_Goal of the exercise:_ Give the lines below again, exactly as they stand, and leave out the images.

_The data:_
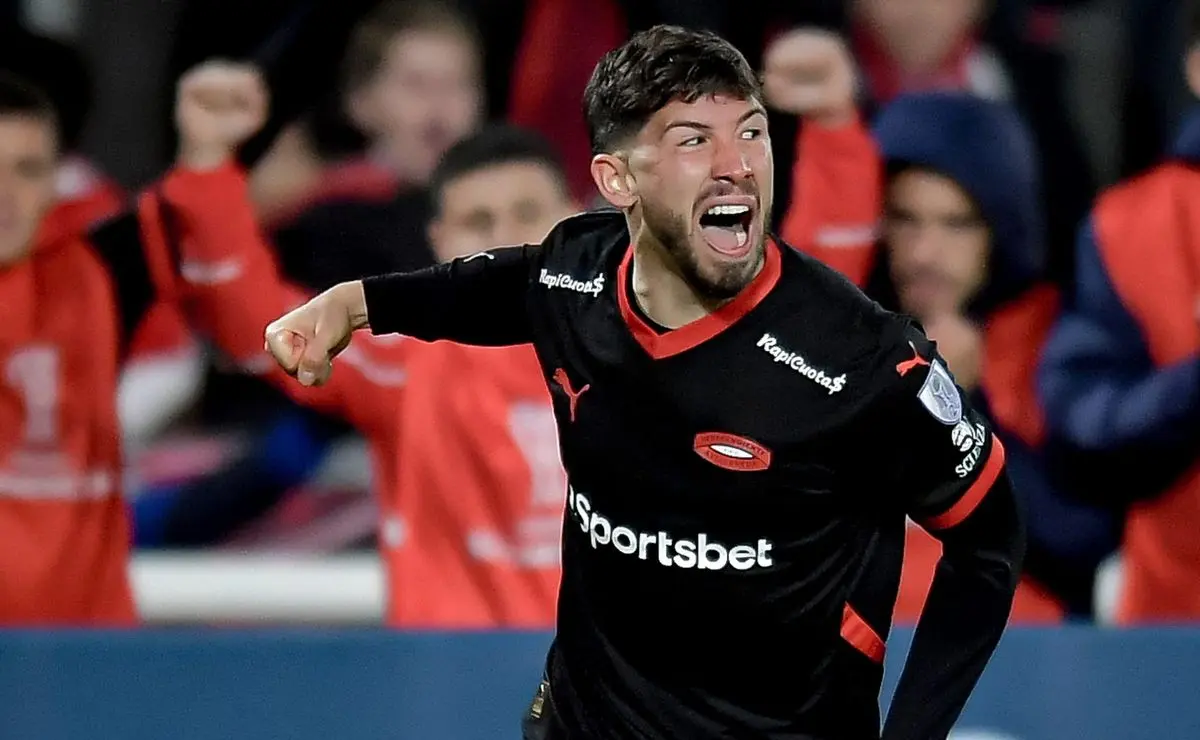 Felipe Loyola supera Zé Rafael em números na temporada, em meio a negociações com o Santos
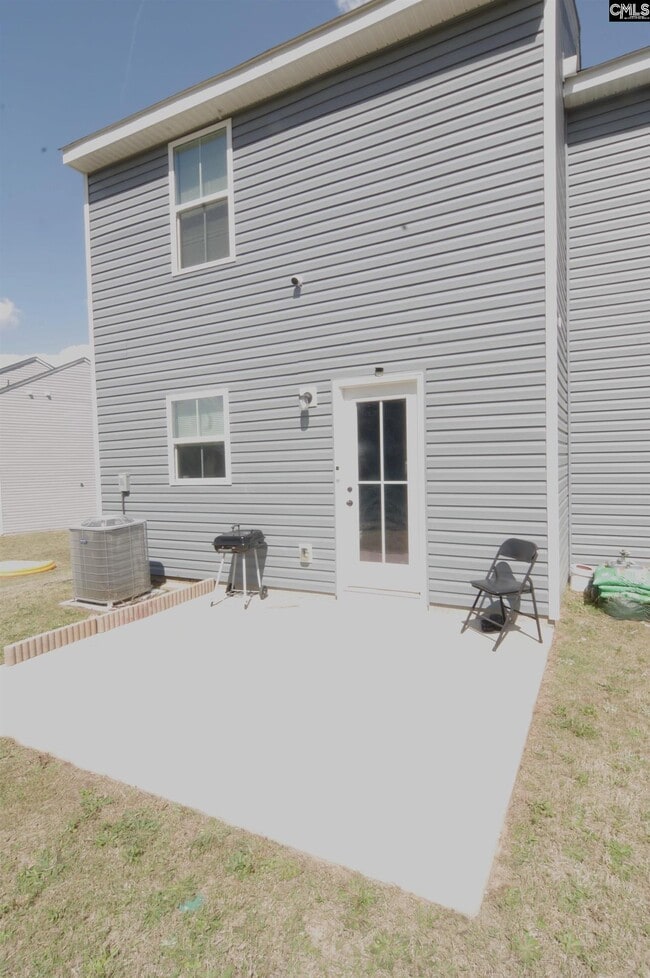 Building Photo - 385 Saskatoon Dr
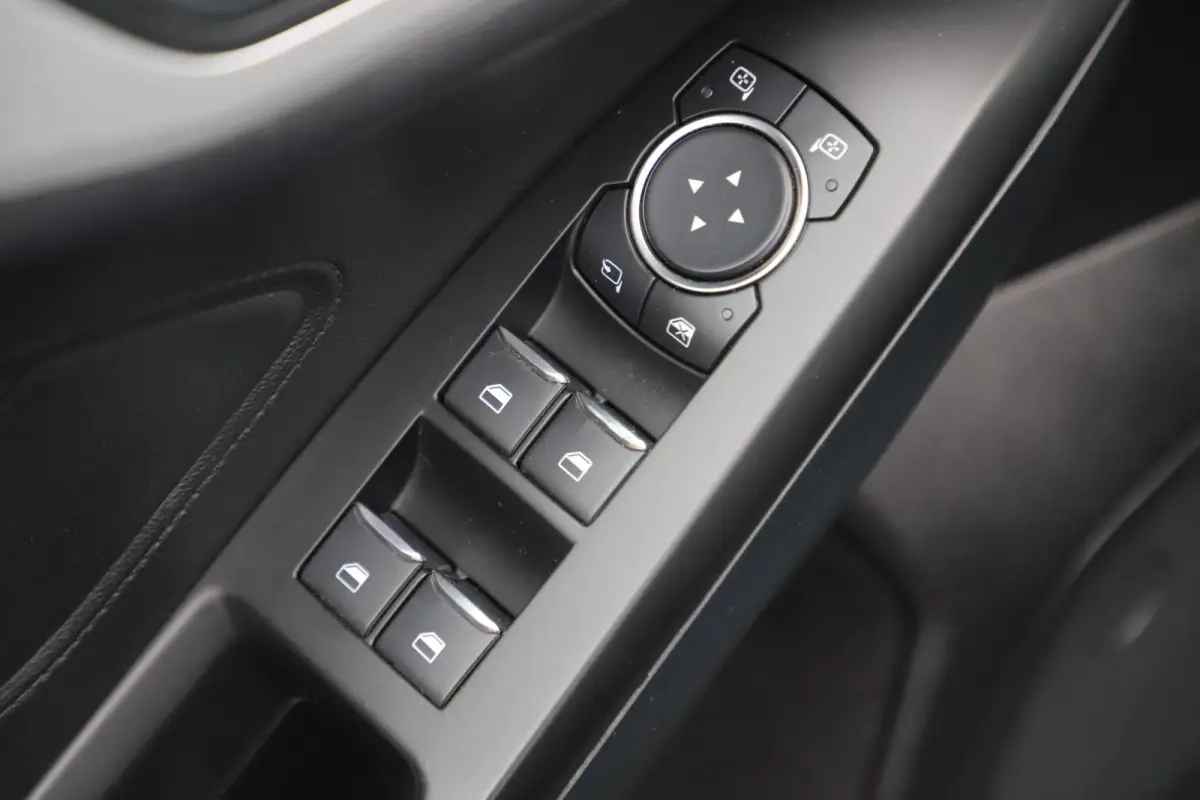 1.0 EcoBoost Trend Edition Business 101PK LMV Navigatie Carplay Android Parkeersensor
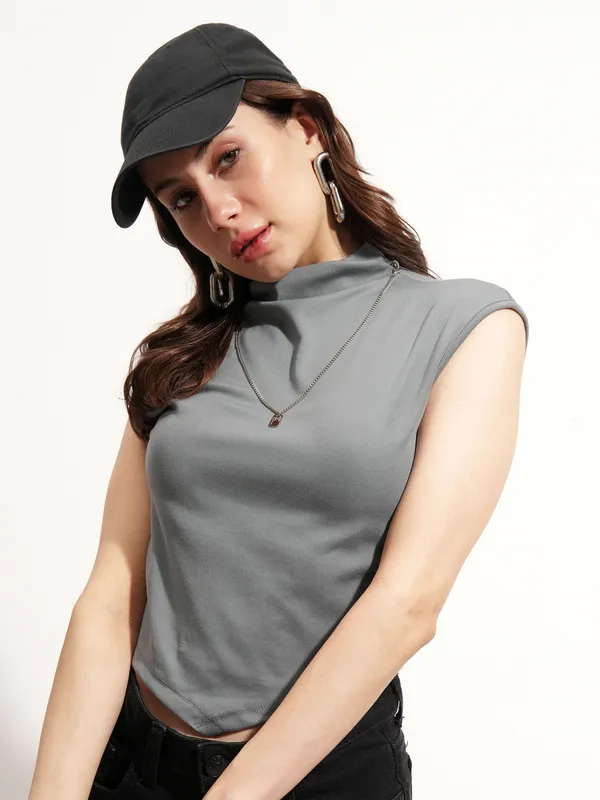 Tokyo Talkies Women Grey Solid Round Neck T-Shirt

_Solution to the exercise:_
 Felipe Loyola supera Zé Rafael em números na temporada, em meio a negociações com o Santos
 Building Photo - 385 Saskatoon Dr
 1.0 EcoBoost Trend Edition Business 101PK LMV Navigatie Carplay Android Parkeersensor
 Tokyo Talkies Women Grey Solid Round Neck T-Shirt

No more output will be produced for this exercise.